(Input)
----
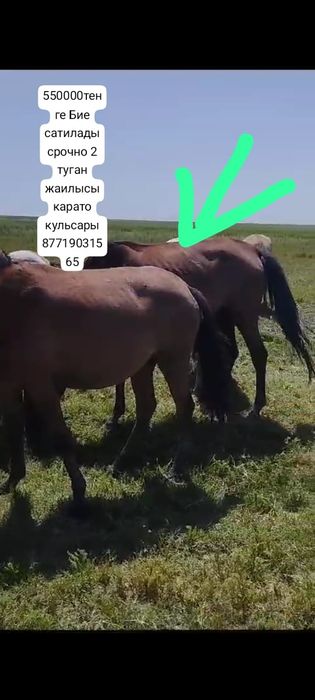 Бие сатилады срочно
----
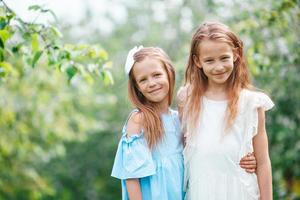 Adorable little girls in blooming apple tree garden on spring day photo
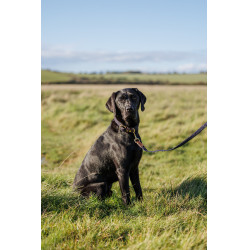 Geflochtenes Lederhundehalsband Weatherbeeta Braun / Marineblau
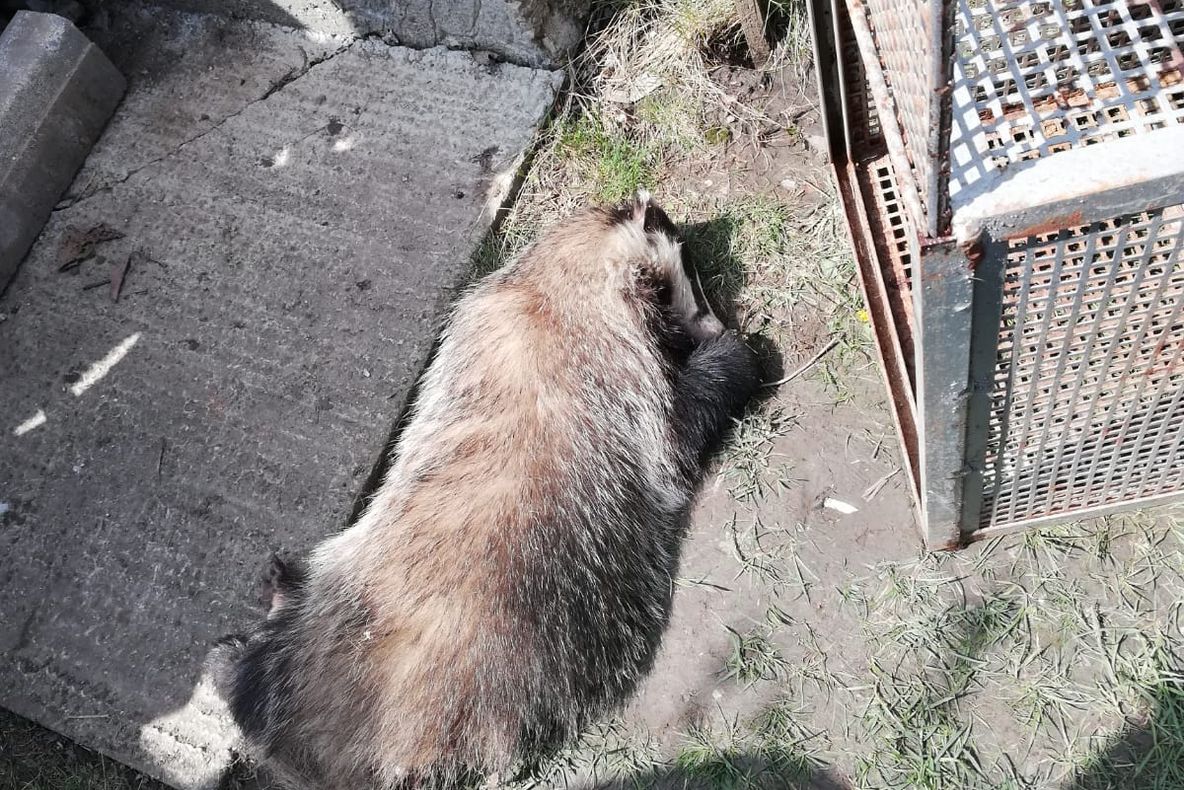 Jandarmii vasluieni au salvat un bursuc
----
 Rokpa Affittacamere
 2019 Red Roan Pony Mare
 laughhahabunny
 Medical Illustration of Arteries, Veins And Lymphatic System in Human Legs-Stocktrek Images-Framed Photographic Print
----
Looking above, find the stretch of lines that opens with the one holding "Adorable little girls" and closes with the one holding "Jandarmii vasluieni au salvat un bursuc". Copy it exactly, pictures excluded.

(Reply to the exercise)
 Adorable little girls in blooming apple tree garden on spring day photo
 Geflochtenes Lederhundehalsband Weatherbeeta Braun / Marineblau
 Jandarmii vasluieni au salvat un bursuc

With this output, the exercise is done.